Hadoop and Spark and Hive Installation
- Downloading and installing Hadoop
- Downloading and installing Apache Hive
- Downloading and installing Apache Spark
Downloading and installing Hadoop
Installing Hadoop 2.x to Red Hat Linux
This section including step by step procedures for installing Hadoop 2.6.4
to Fedora 23, and configuring a Single Node Setup.
Step.1 Prerequisites
$ uname -a
Linux localhost 4.2.3-300.fc23.x86_64 #1 SMP Mon Oct 5 15:42:54 UTC 2015 x86_64 x86_64 x86_64 GNU/Linux
$ java -version
java version "1.7.0_60"
Java(TM) SE Runtime Environment (build 1.7.0_60-b19)
Java HotSpot(TM) 64-Bit Server VM (build 24.60-b09, mixed mode)

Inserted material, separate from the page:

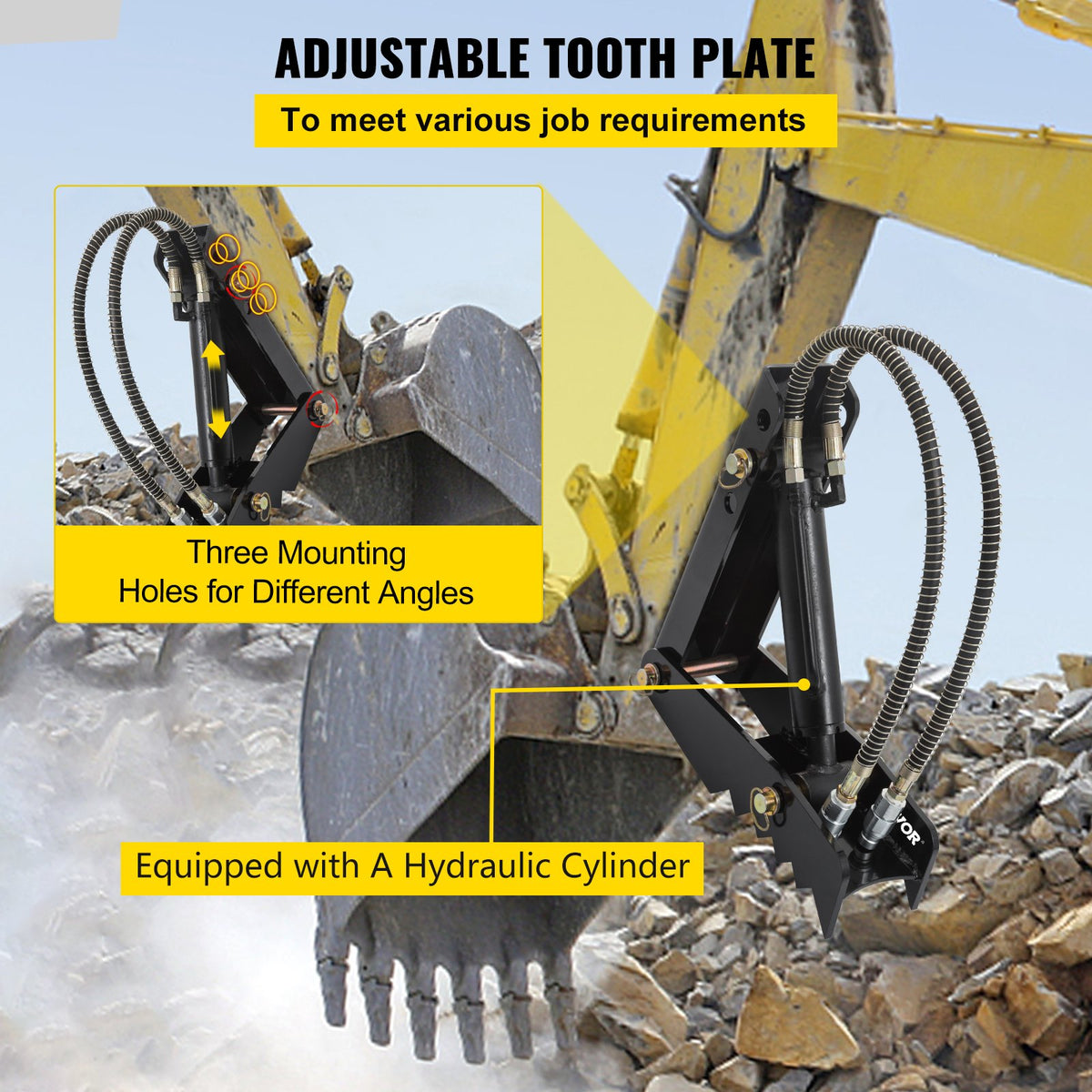 Hydraulic Backhoe Thumb, 45.7cm 1.27cm Thickness Heavy Duty Excavator Thumb, Black Steel Weld On Thumb V952-FCMZ18INDYYYG12MMV0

####Step.2 Download and Install
$ wget http://apache.fayea.com/hadoop/common/hadoop-2.6.4/hadoop-2.6.4.tar.gz
$ tar -xvf hadoop-2.6.4.tar.gz
$ cd hadoop-2.6.4
Edit /etc/profile
, root user is needed.
#set hadoop
export JAVA_LIBRARY_PATH=/home/renjie/work/hadoop/lib/native
export HADOOP_HOME=/home/userName/hadoop-2.6.4
export HADOOP_INSTALL=$HADOOP_HOME
export HADOOP_MAPRED_HOME=$HADOOP_HOME
export HADOOP_COMMON_HOME=$HADOOP_HOME
export HADOOP_HDFS_HOME=$HADOOP_HOME
export YARN_HOME=$HADOOP_HOME
export HADOOP_COMMON_LIB_NATIVE_DIR=$HADOOP_HOME/lib/native
export PATH=$PATH:$HADOOP_HOME/sbin:$HADOOP_HOME/bin
After edit
source /etc/profile
Step.3 Configure
Edit etc/hadoop/hadoop-env.sh
, comment out JAVA_HOME, make sure it point to a valid Java Home:
export JAVA_HOME=/usr/java/jdk1.7.0_60
NOTE: Java 1.6 or higher is needed.
Edit etc/hadoop/core-site.xml
, add the following properties in :
<property>
<name>hadoop.tmp.dir</name>
<value>file:/home/userName/hadoop-2.6.4/tmp</value>
</property>
<property>
<name>fs.defaultFS</name>
<value>hdfs://localhost:9000</value>
</property>
<property>
<name>hadoop.proxyuser.userName.hosts</name>
<value>*</value>
</property>
<property>
<name>hadoop.proxyuser.userName.groups</name>
<value>*</value>
</property>
NOTE: the property’s value should match to your’s setting.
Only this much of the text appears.